= Exercise requirements =
Please retype every record exactly as it appears, omitting the pictures.

= Input data =

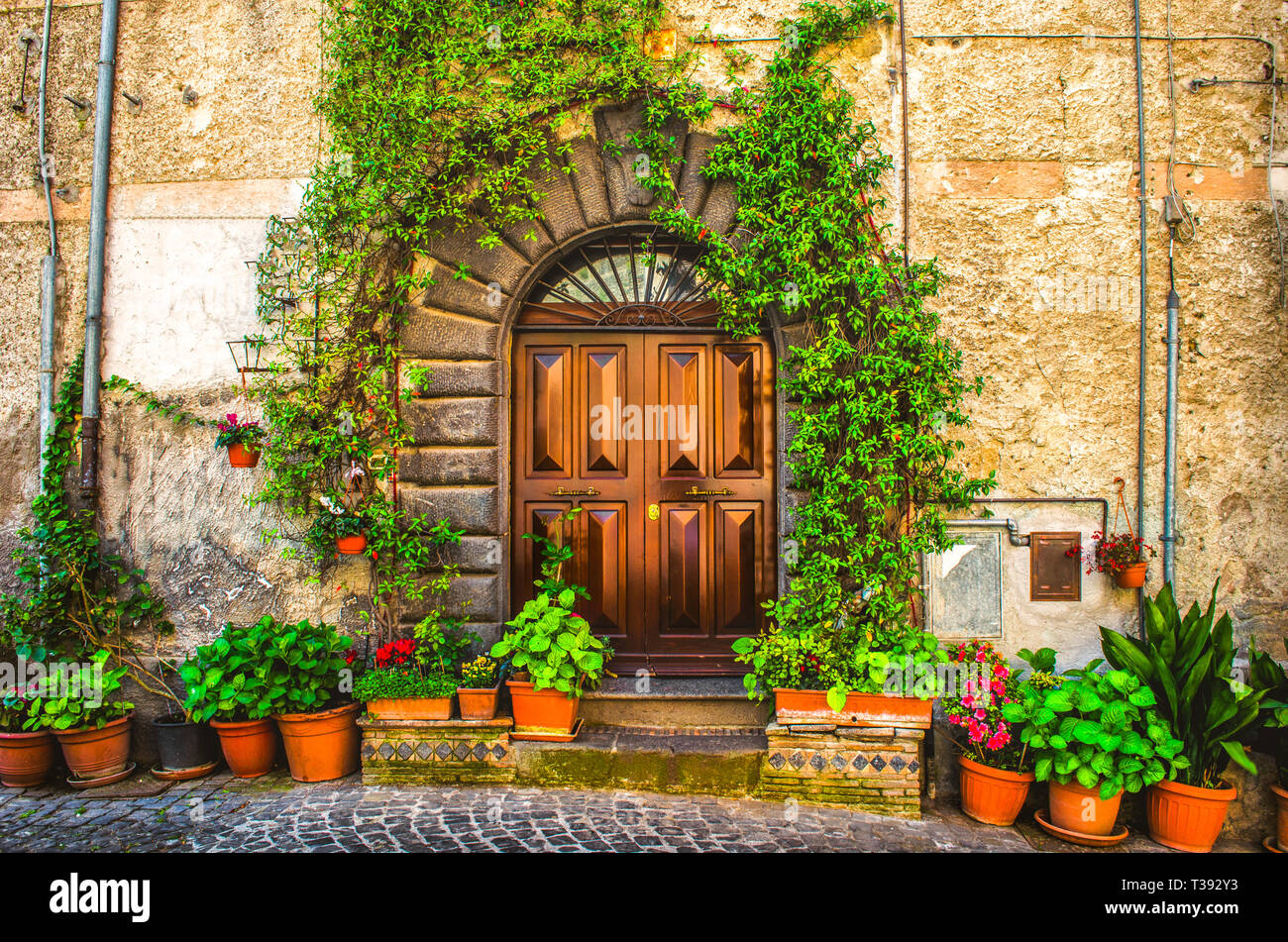 vine plant on an italian house door  Stock Photo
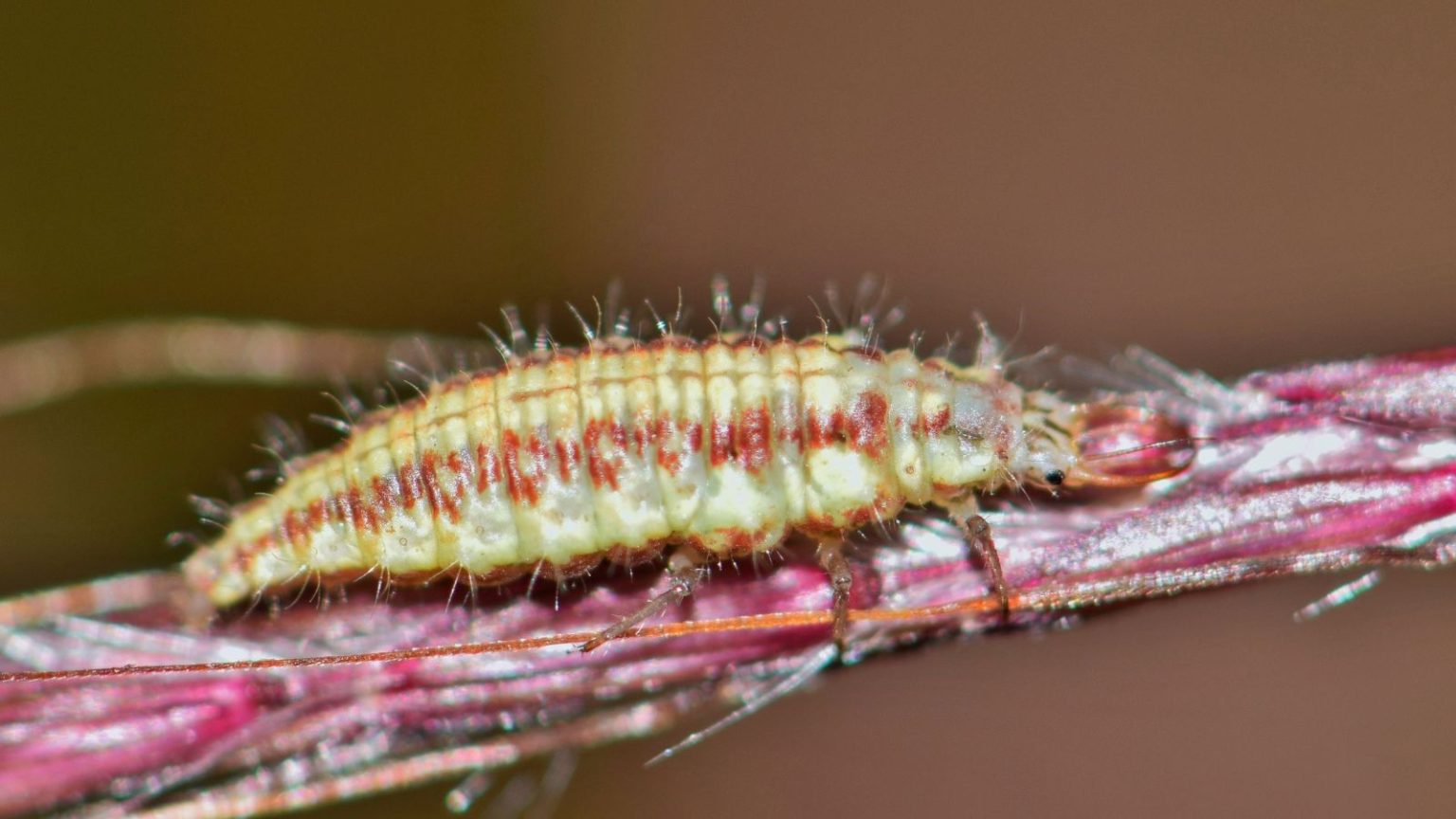 Don’t You Dare Kill That Bug! 18 Insects That Help Your Garden Thrive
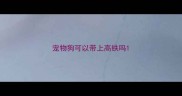 宠物狗可以带上高铁吗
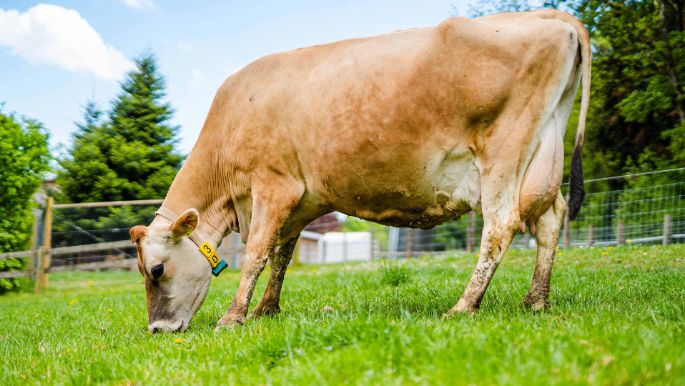 Binzenhof_Knoerr_Aarau_Kuh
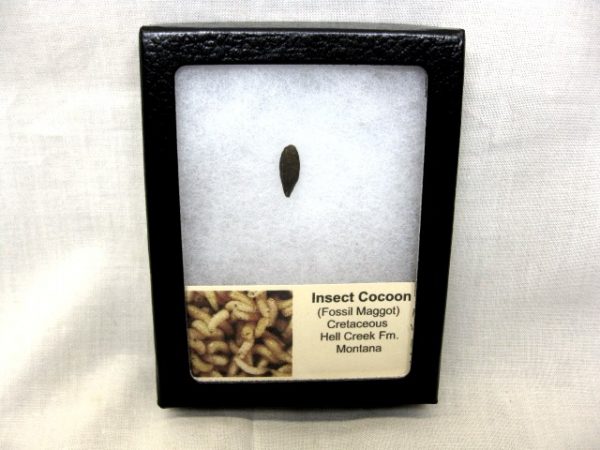 Insect Cocoon (Maggot) #4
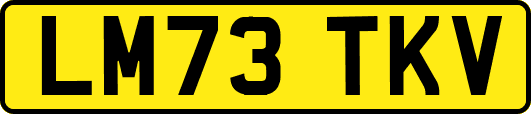 LM73TKV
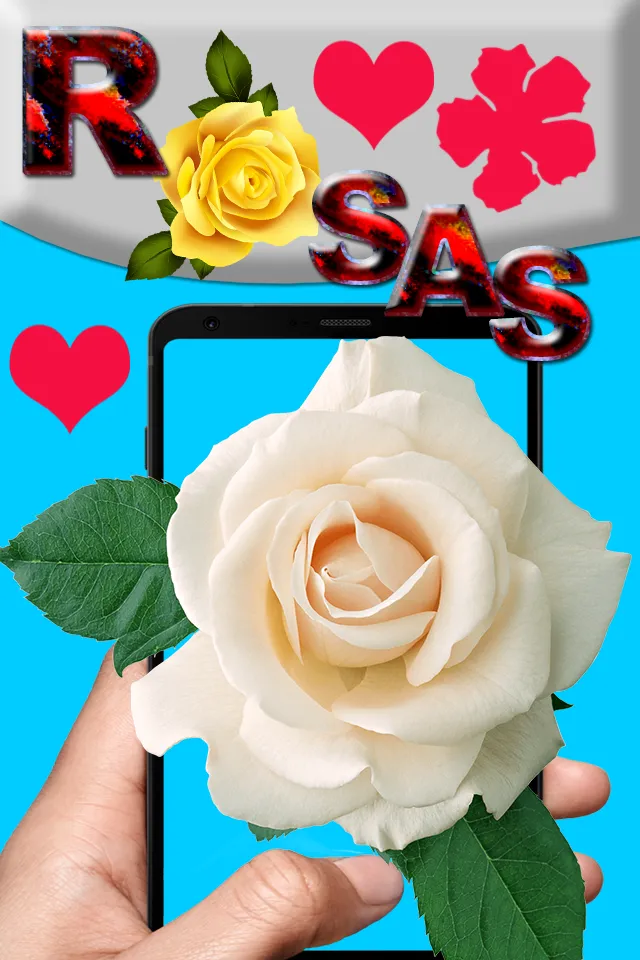 Rosas de Colores Para Dedicar | Indus Appstore | Screenshot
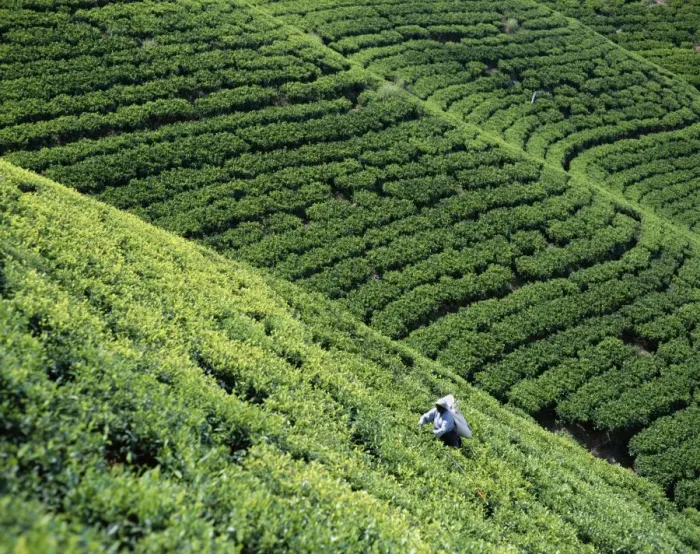 Framed Print : Tea Fields Framed Print : Tea Fields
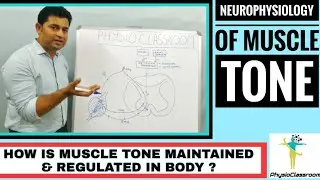 How is Muscle tone Maintained and Regulated in our body? ( Neurophysiology of muscle tone)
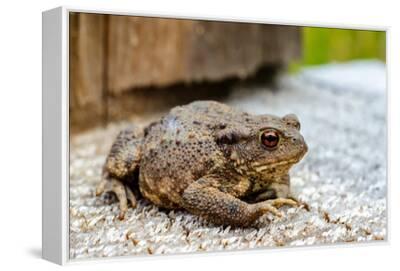 The Common Toad, European Toad, or in Anglophone Parts of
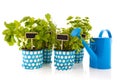 Kitchen herbs with watering can Royalty Free Stock Photo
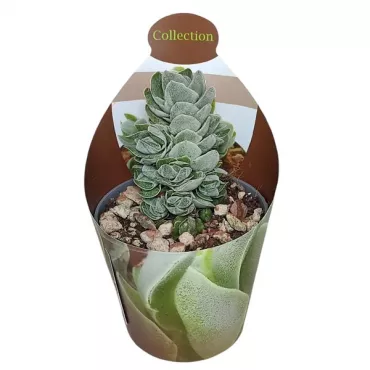 Drvo novca Ivory Pagoda (Crassula) u tegli Ø 6,5 cm
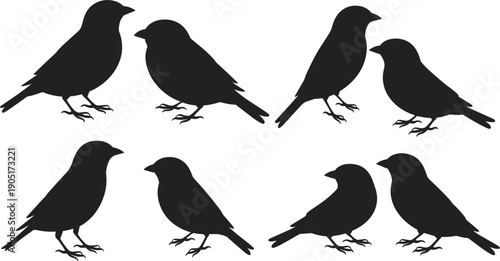 Silhouettes of Six Small Birds Perched on an Invisible Surface Keywords: bird, birds, silhouette, black, white, perched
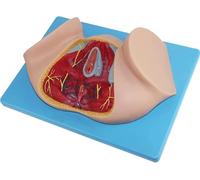 Modèle d'organe reproducteur féminin, modèle d'anatomie périnéale, modèle d'anatomie d'utérus naturel de grande taille, simulation de communication gynécologique médecin-patient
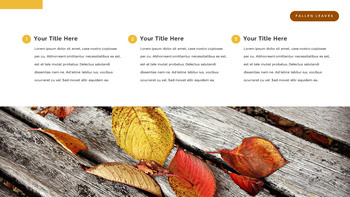 落ち葉 PowerPointのテンプレートマルチデザイン_17
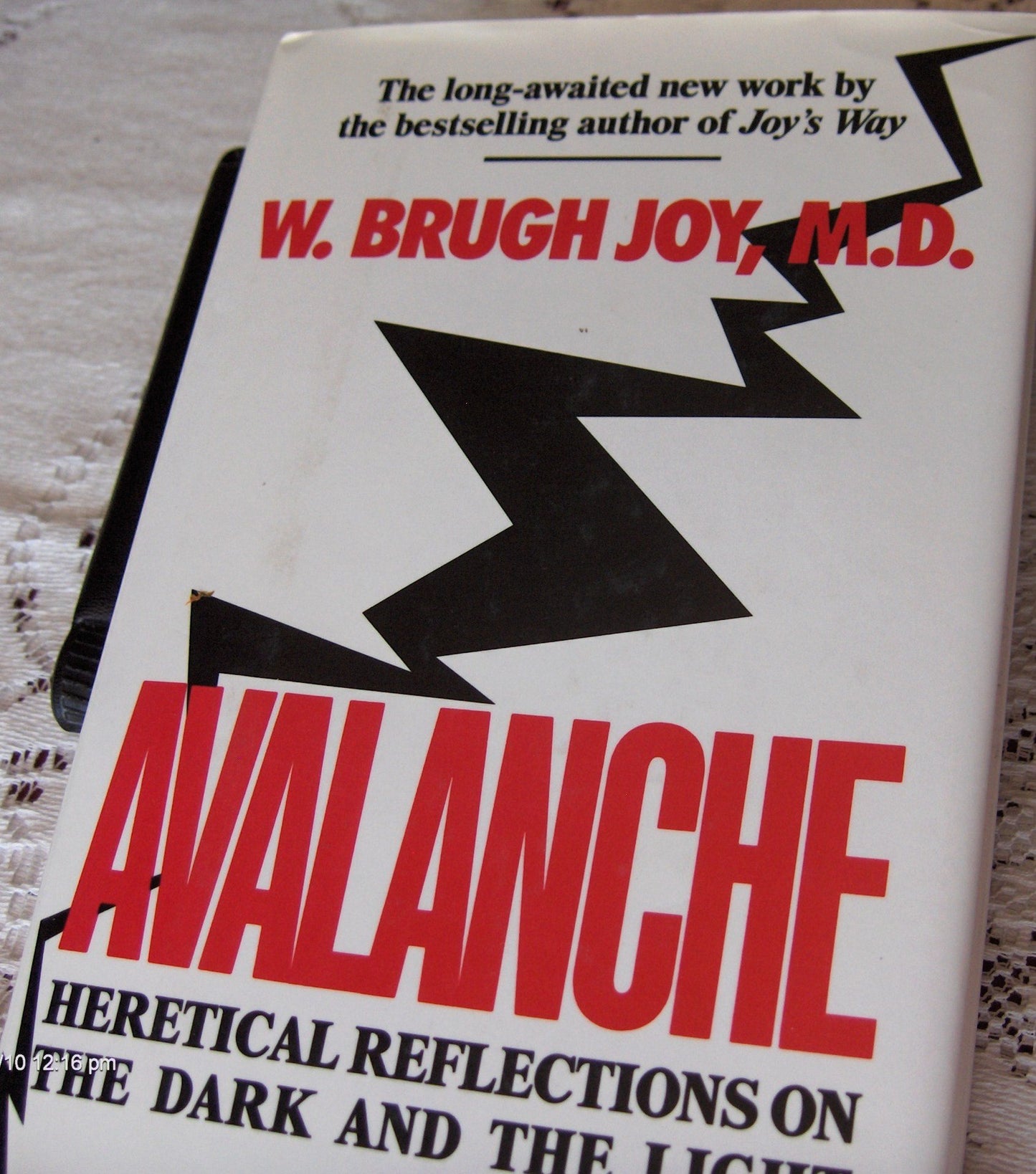 Avalanche: Heretical Reflections on the Dark and the Light b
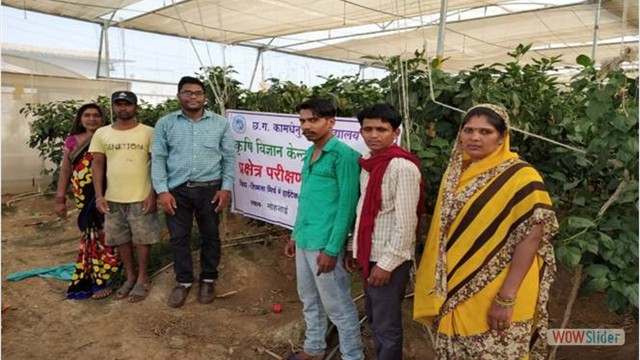Assessment of Hi-tech vegetable cultivation techniques of capsicum in durg District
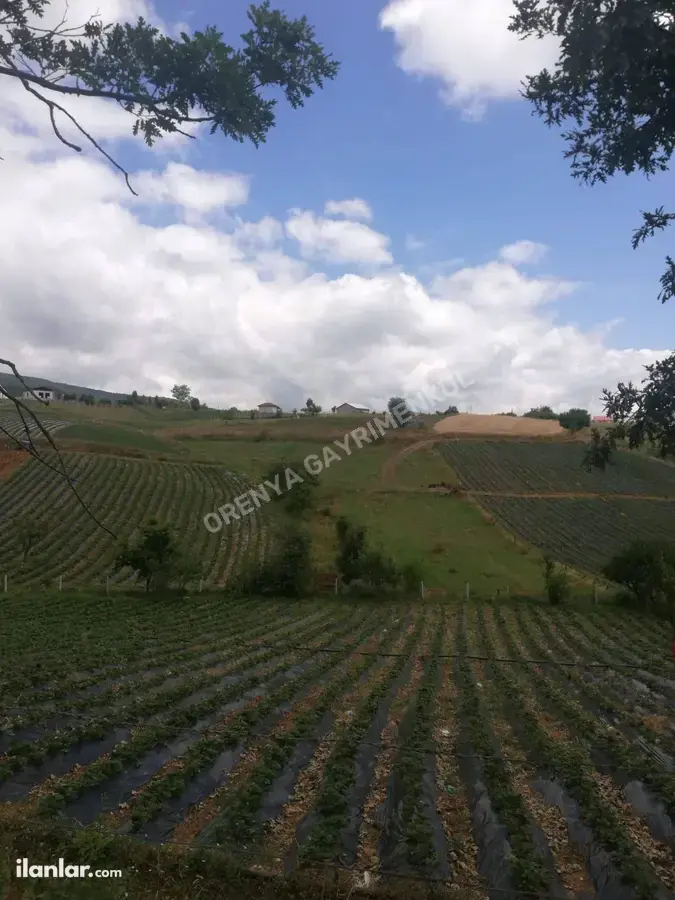 Sakarya Pamukova Çilekli Mahallesi 795 m² satılık tarla arsa - Fotoğraf 1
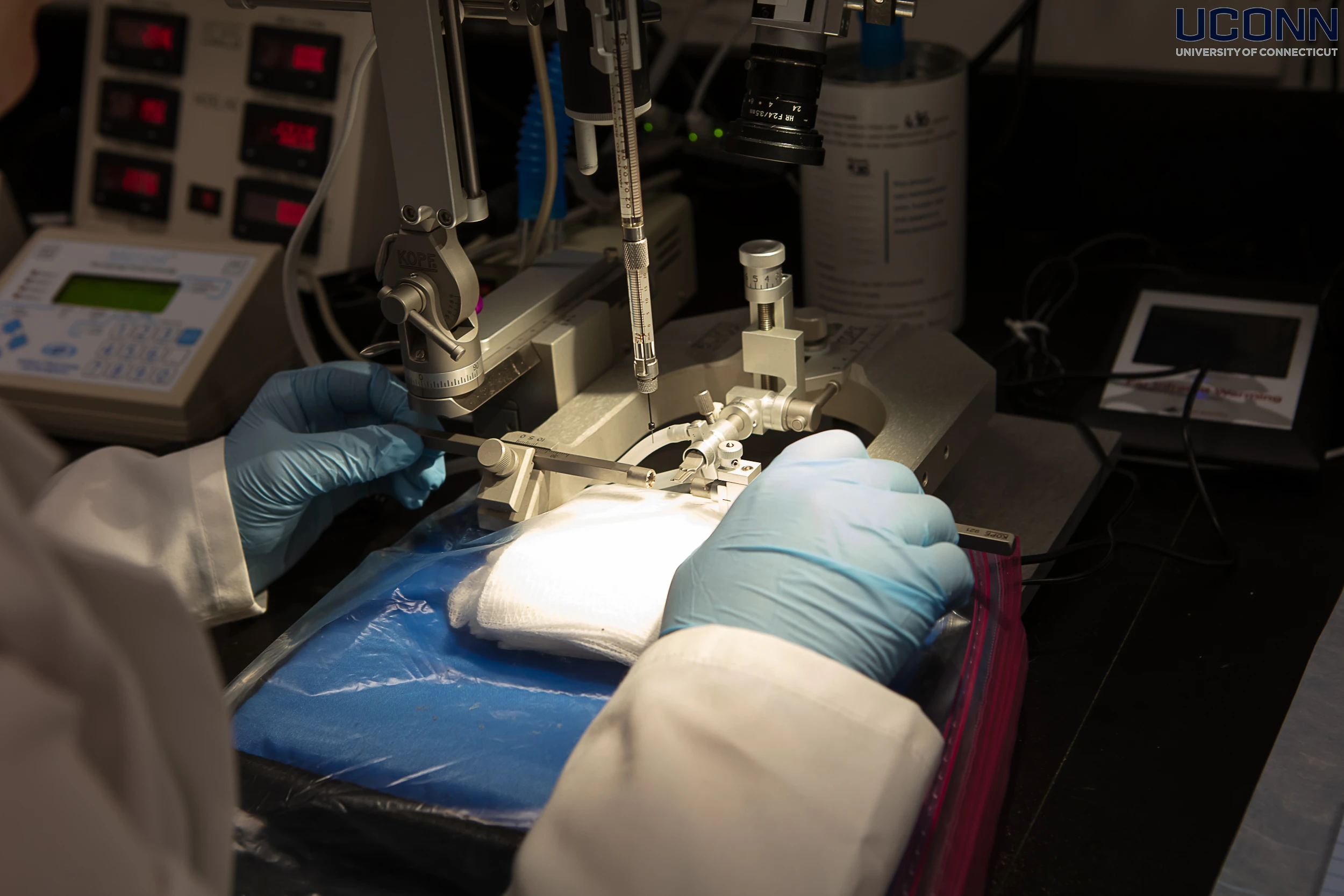 Close-up of a neuroscience student performing stereotaxic surgery in a UConn research lab.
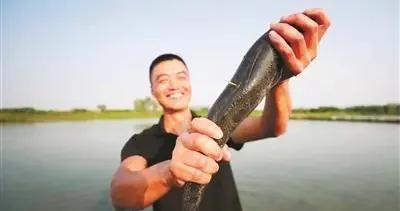 龍魚的芯片在哪里：關于龍魚芯片的詳細解釋 龍魚的芯片在哪里：關于龍魚芯片的詳細解釋 龍魚百科 第5張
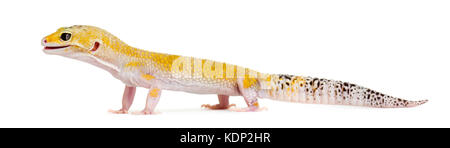 Yellow gecko standing, isolated on white Stock Photo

= Output for this exercise =
 vine plant on an italian house door  Stock Photo
 Don’t You Dare Kill That Bug! 18 Insects That Help Your Garden Thrive
 宠物狗可以带上高铁吗
 Binzenhof_Knoerr_Aarau_Kuh
 Insect Cocoon (Maggot) #4
 LM73TKV
 Rosas de Colores Para Dedicar | Indus Appstore | Screenshot
 Framed Print : Tea Fields Framed Print : Tea Fields
 How is Muscle tone Maintained and Regulated in our body? ( Neurophysiology of muscle tone)
 The Common Toad, European Toad, or in Anglophone Parts of
 Kitchen herbs with watering can Royalty Free Stock Photo
 Drvo novca Ivory Pagoda (Crassula) u tegli Ø 6,5 cm
 Silhouettes of Six Small Birds Perched on an Invisible Surface Keywords: bird, birds, silhouette, black, white, perched
 Modèle d'organe reproducteur féminin, modèle d'anatomie périnéale, modèle d'anatomie d'utérus naturel de grande taille, simulation de communication gynécologique médecin-patient
 落ち葉 PowerPointのテンプレートマルチデザイン_17
 Avalanche: Heretical Reflections on the Dark and the Light b
Assessment of Hi-tech vegetable cultivation techniques of capsicum in durg District
 Sakarya Pamukova Çilekli Mahallesi 795 m² satılık tarla arsa - Fotoğraf 1
 Close-up of a neuroscience student performing stereotaxic surgery in a UConn research lab.
 龍魚的芯片在哪里：關于龍魚芯片的詳細解釋 龍魚的芯片在哪里：關于龍魚芯片的詳細解釋 龍魚百科 第5張
 Yellow gecko standing, isolated on white Stock Photo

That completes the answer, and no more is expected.